Sitting at home alone on Christmas eve eating mac and cheese = feeding depression and anxiety. Kind of shaking, not sure if it's from the cold or from stress.
Contemplating what to do with my life. Having no purpose or motivation in school. Working towards a useless degree that will probably take me nowhere. Not to mention 3 years and not making made a single significant relationship. Profs/TAs don't remember me, I have no friends and spend most of my time alone. Going to class is just like anxiety anxiety anxiety. I feel like a total social reject. I am socially anxious and retarded.
Stuck in a dead-end job with shit minimum-wage pay. Being too afraid to quit because I've become comfortable and the idea of change freaks me the fuck out. Not to mention pathetically pining for a co-worker who is going out with my best friend. My friendship with her comprises the entirety of my social life, actually. She's just been so good to me in these pat few months especially, and I just want to be a good friend in return. More than anything I just want these feelings to go away.

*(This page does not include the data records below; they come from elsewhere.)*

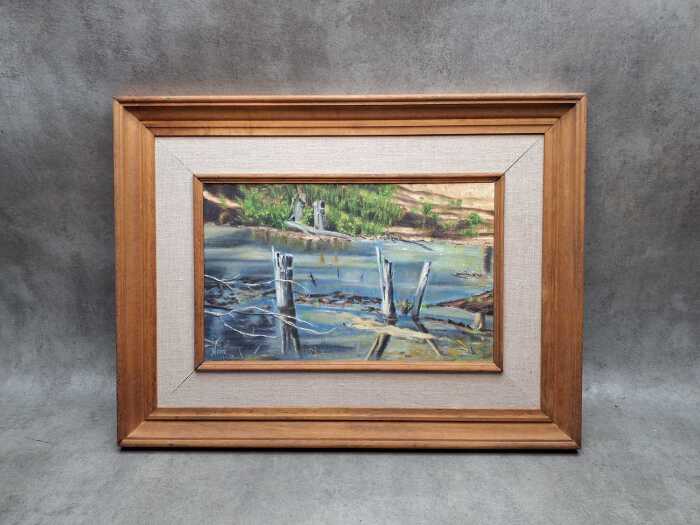 Nette (unknown artist), (reflections in pond) 1978, oil painting on canvas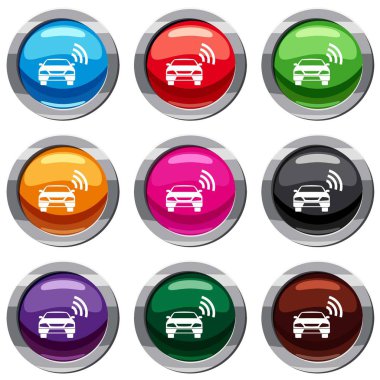 Araba wifi işareti ile 9 koleksiyonu ayarla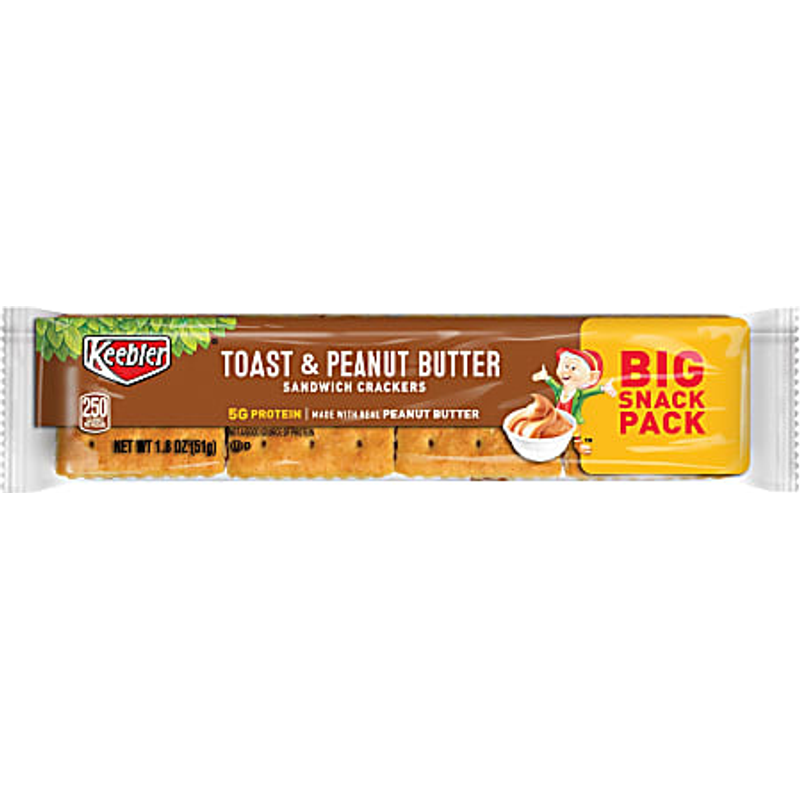 Keebler Sandwich Crackers Toast & Peanut Butter - Snack Pack 1.8 oz Bag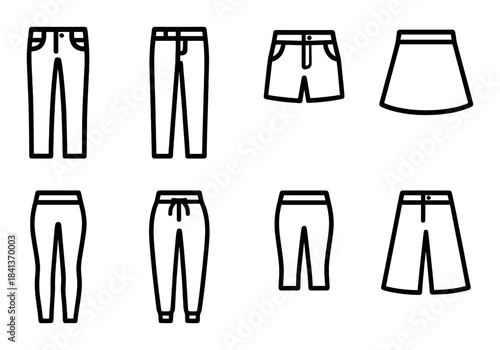 Collection of various trouser and skirt outlines on black background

Behaviour of family, extended and not so extended, getting me down despite myself. It pisses me off that it still bothers me when they pull their hurtful bullshit. My grandma (dad's mom) came by earlier and dropped off some money for Christmas. I feel sick taking it but... I could really help, even if it's a meager amount. I just feel so disgusted with myself. Not to mention my brother who I mentioned earlier. England family have been callous the entire time as well.
Can't remember the last... hell ANY Christmases I spend with my dad, though I know I must have at some point.
As for friends - I am grateful for them, but I'm tired of venting. I feel like an asshole for bitching all the time. It's like all I ever do these days is complain. I hate being such a gigantic douche during Christmas of all times. I think I'm just so used to keeping everything inside. I just really fucking hate talking about myself, but there's nothing else that can really help. heck, talking doesn't even really help to be honest.
tl;dr I hate myself/my life right now and I just want to curl up into the fetal position and die.
even more sadfaec: re-reading this post makes me feel really pathetic and now I feel shitty for writing it in the first place. HOLY CYCLE OF DEPRESSION.